== Segment start ==

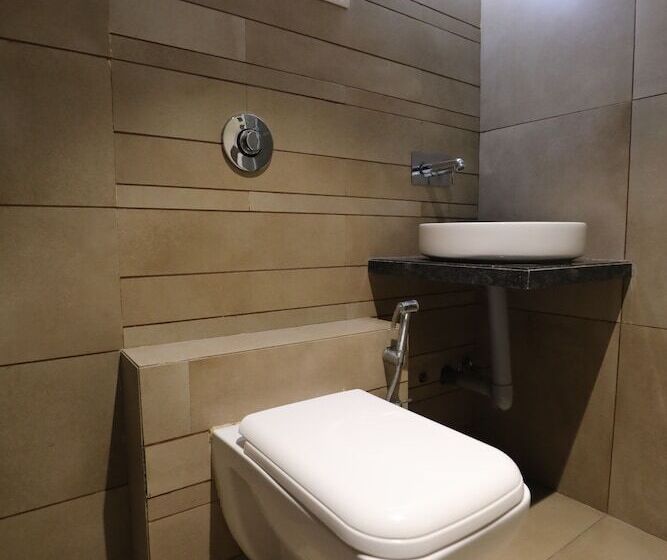 هتل Shaguns & Banquet Surat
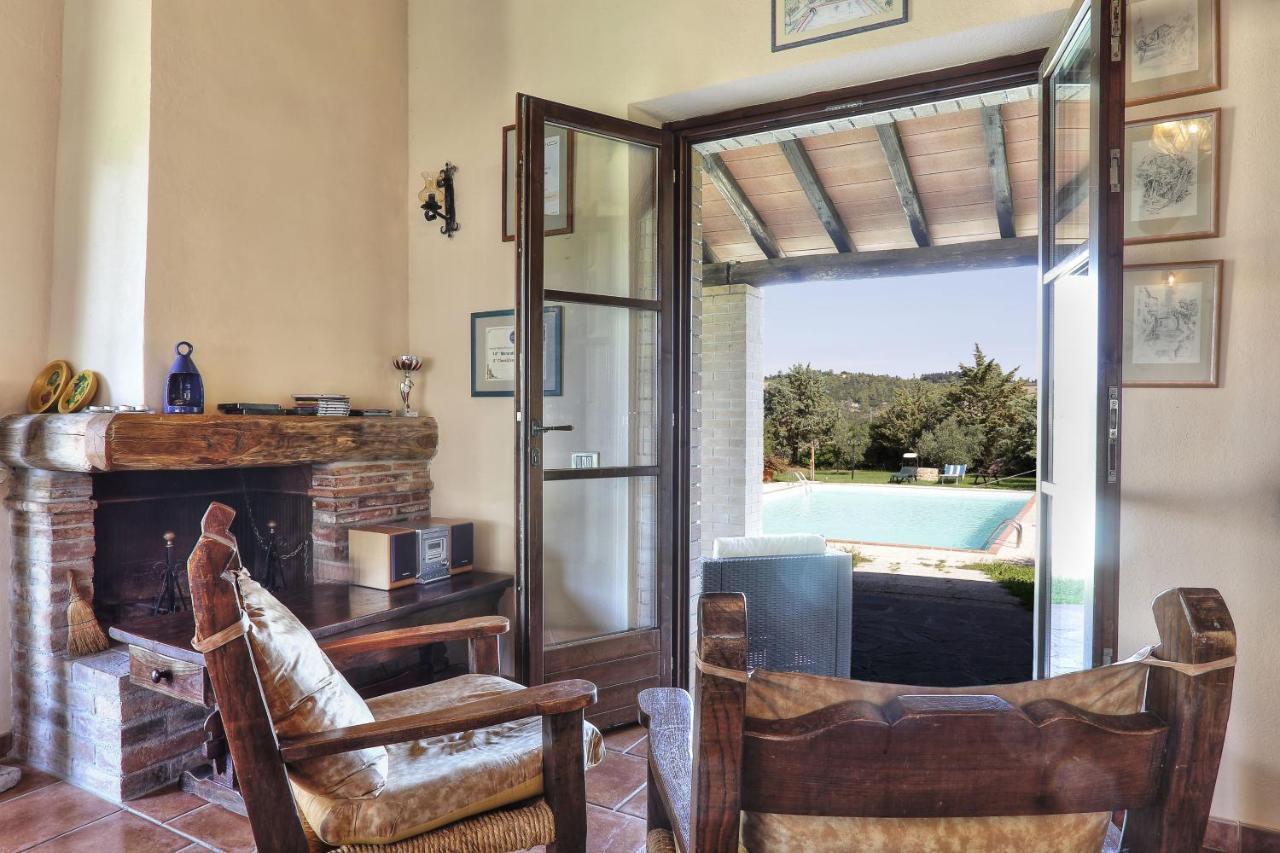 Appartamento Uva - Agriturismo Le Selvole Pomarance Exteriér fotografie
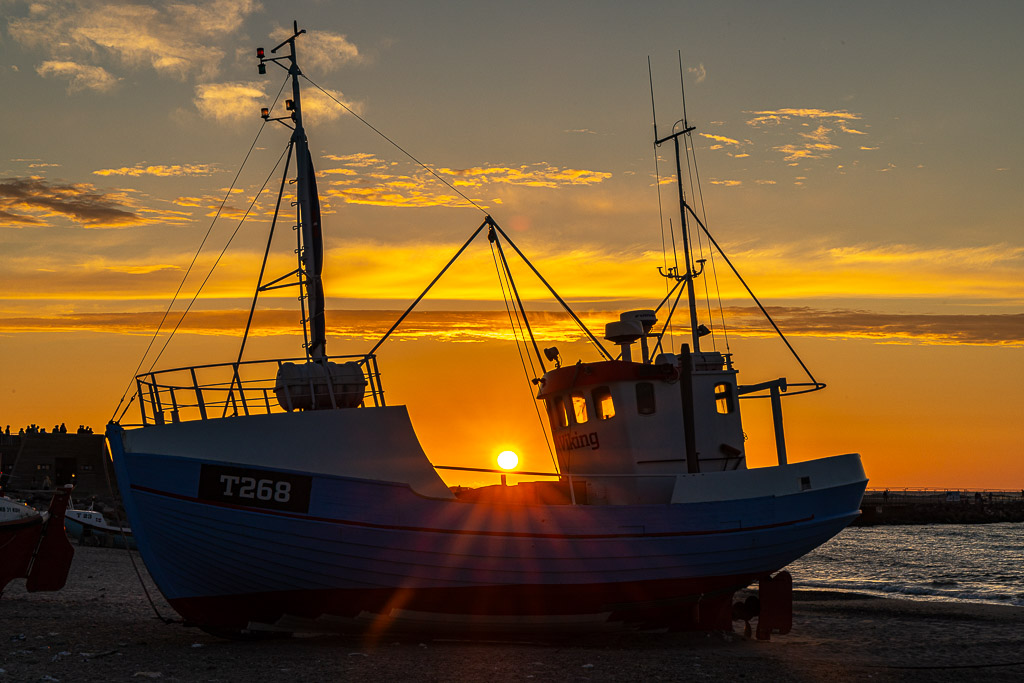 Abend am Hafen Vorupör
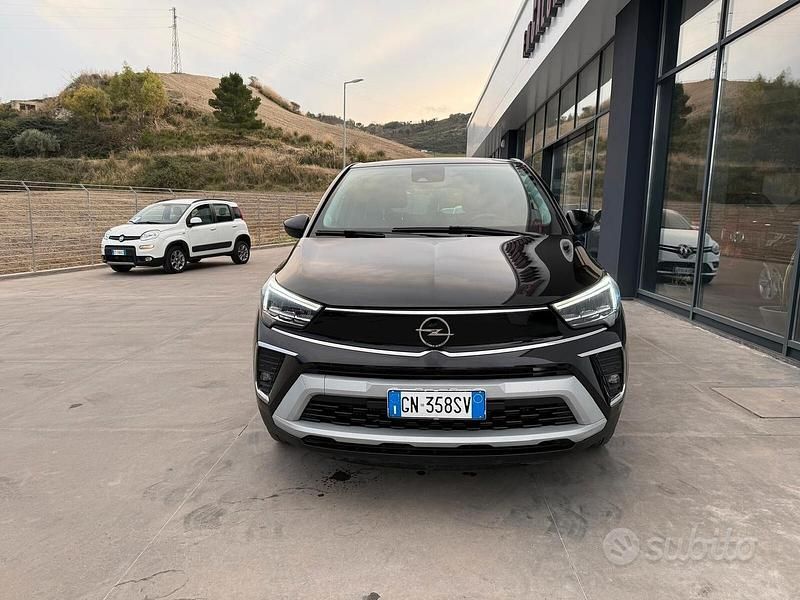 Usata Opel Crossland X Elegance 110 CV (80 kW) 2023 Nero SUV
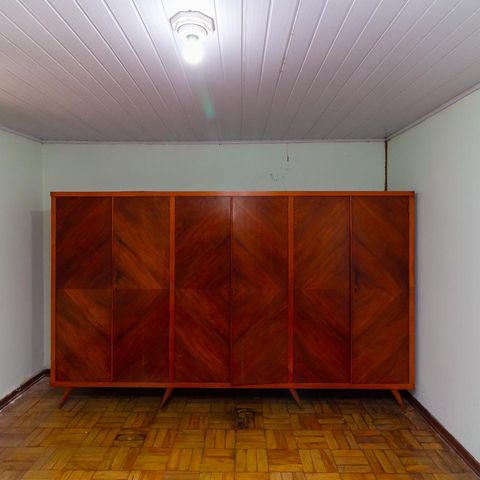 Casa à venda com 320m², 3 quartos e 2 vagas Casa à venda com 320m², 3 quartos e 2 vagasCasa 2 Quarto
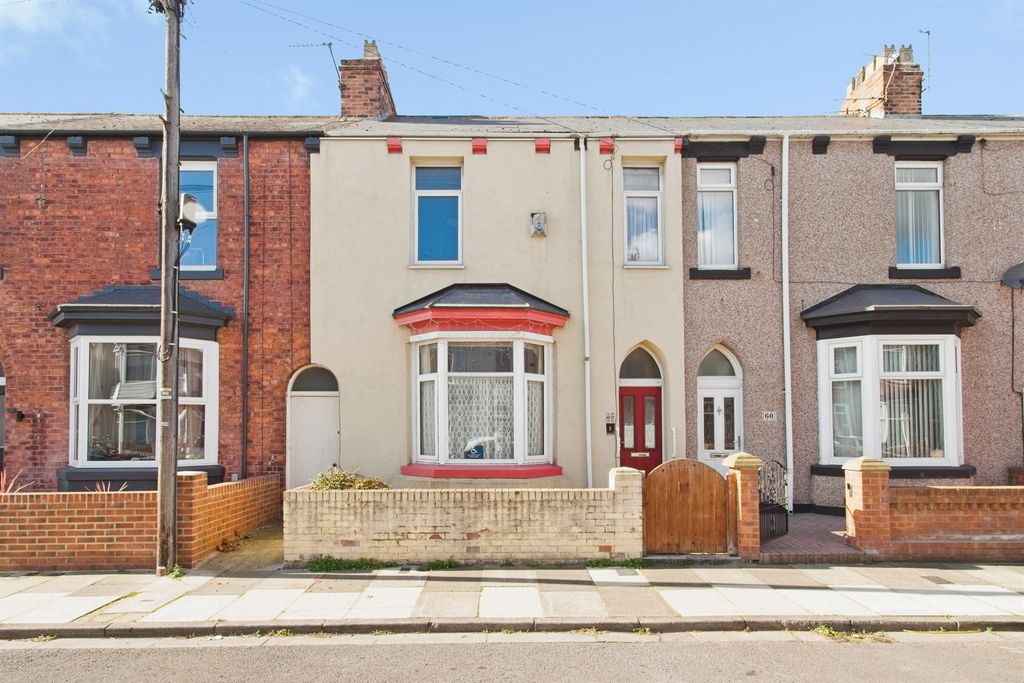 Property photo 1 of 8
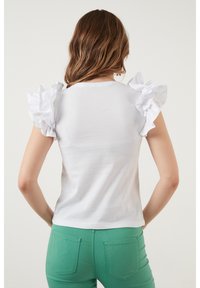 LELA Triko s potiskem - white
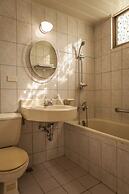 Good Hotel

== Segment end ==

**EXERCISE DESCRIPTION:**
Your copy should restate every record word for word and contain no pictures.

**EXERCISE RESPONSE:**
 هتل Shaguns & Banquet Surat
 Appartamento Uva - Agriturismo Le Selvole Pomarance Exteriér fotografie
 Abend am Hafen Vorupör
 Usata Opel Crossland X Elegance 110 CV (80 kW) 2023 Nero SUV
 Casa à venda com 320m², 3 quartos e 2 vagas Casa à venda com 320m², 3 quartos e 2 vagasCasa 2 Quarto
 Property photo 1 of 8
 LELA Triko s potiskem - white
 Good Hotel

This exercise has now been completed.